All three commissioners were in attendance Friday as the FCC hosted the first meeting of the newly constituted Broadband Deployment Advisory Committee, created by FCC chairman Ajit Pai to come up with strategies for closing the digital divide and advancing his Digital Empowerment Agenda, comprising various stakeholders.
"Deploying broadband is hard, expensive, and time-consuming work, whether you’re trenching fiber, attaching equipment to poles, or setting up a gateway earth station. Red tape shouldn’t make those tasks even harder. To me, it’s pretty simple: With rules that make it easier to deploy broadband, we will see more broadband deployed. And in turn, we can empower millions of Americans with digital opportunity,” said Pai at the meeting.
He said when he proposed the committee, he expected a few dozen applications but got over 380. Pai said the committee's mission is "to give the FCC recommendations on ways to spur broadband deployment and reduce barriers to investment.
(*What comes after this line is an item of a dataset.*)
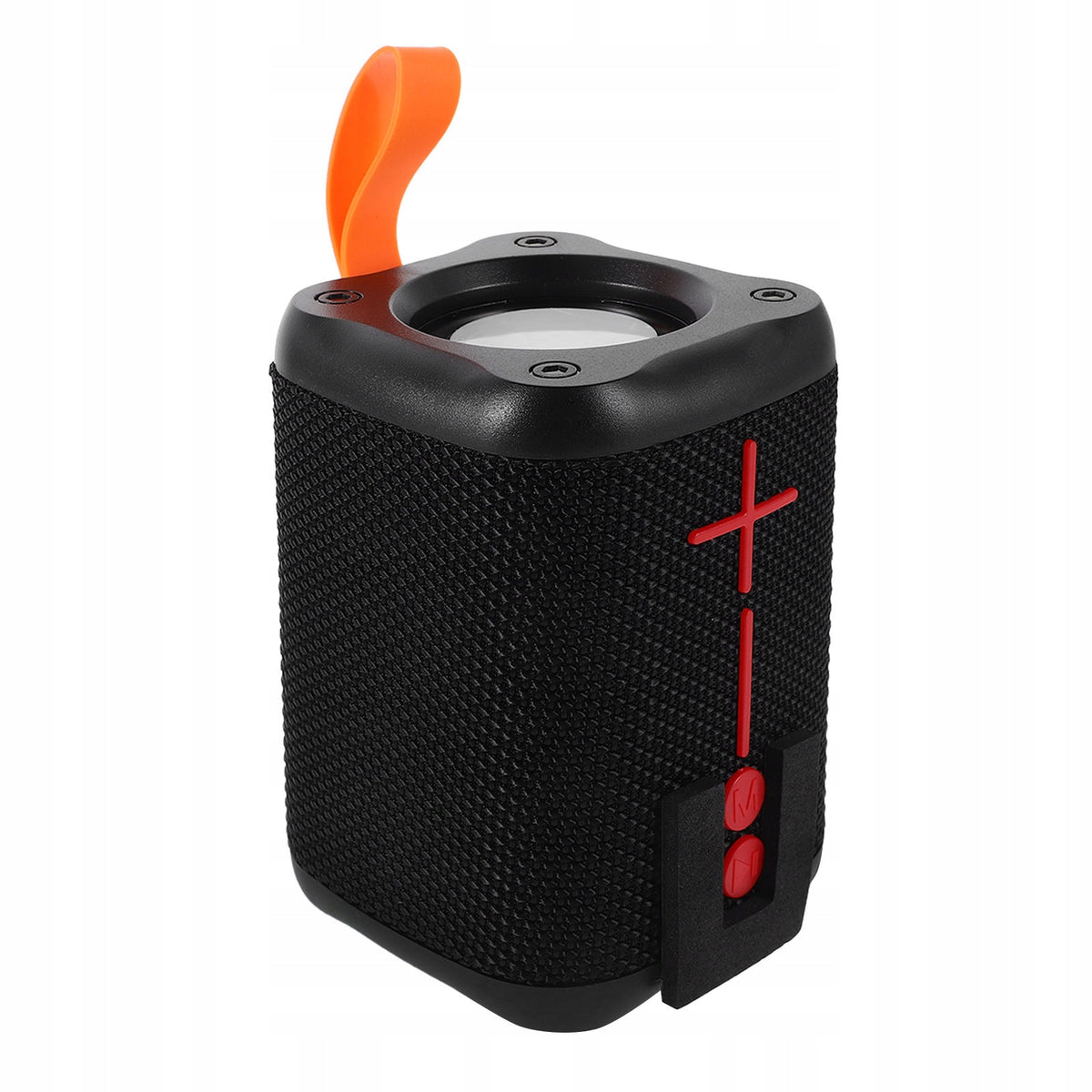 Compact USB Powered Speaker for Home, Car, and Outdoor Activities Brand no brand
One important part of this work, which I previewed last fall, is to develop model codes for state and municipal governments that want to encourage deployment and competitive entry in their jurisdictions."
The committee will be expected to come up with two "model codes," one for cities and the other for states, those codes being guidelines for how to streamline broadband deployment while balancing the interests of government with the demands for better, faster and cheaper broadband.
The meeting came a day after the FCC took steps to streamline both wired and wireless broadband buildouts in terms of tower siting, pole attachments and access, and rights-of-way on federal land issues, as well as retiring legacy copper networks—and whether nets have to get FCC permission for the phase-outs—and promoting next-gen service like 5G.
The committee will also consider whether the FCC should preempt state laws impeding broadband buildouts.
FCC commissioner Mignon Clyburn attended the meeting to deliver a message. She said that the committee should put consumers first as it debates tower-siting codes or infrastructure streamlining. That includes making sure low income residents are not relegated to second-class status and remembering that “one person's regulatory barrier is another's vital consumer protection.”
Commissioner Michael O'Rielly talked about the litany of barriers to broadband service but said there have been tremendous advances in service, including via the Universal Service Fund, but that the vast amount has been thanks to the risk capital of private companies. He said the FCC would never support nationalizing those industries in the service of faster buildouts.
He said it will take multiple technologies to build out.
O'Rielly offered a word of warning: Don't throw government money at the problem. He said he would be reluctant to support increasing costs to consumers.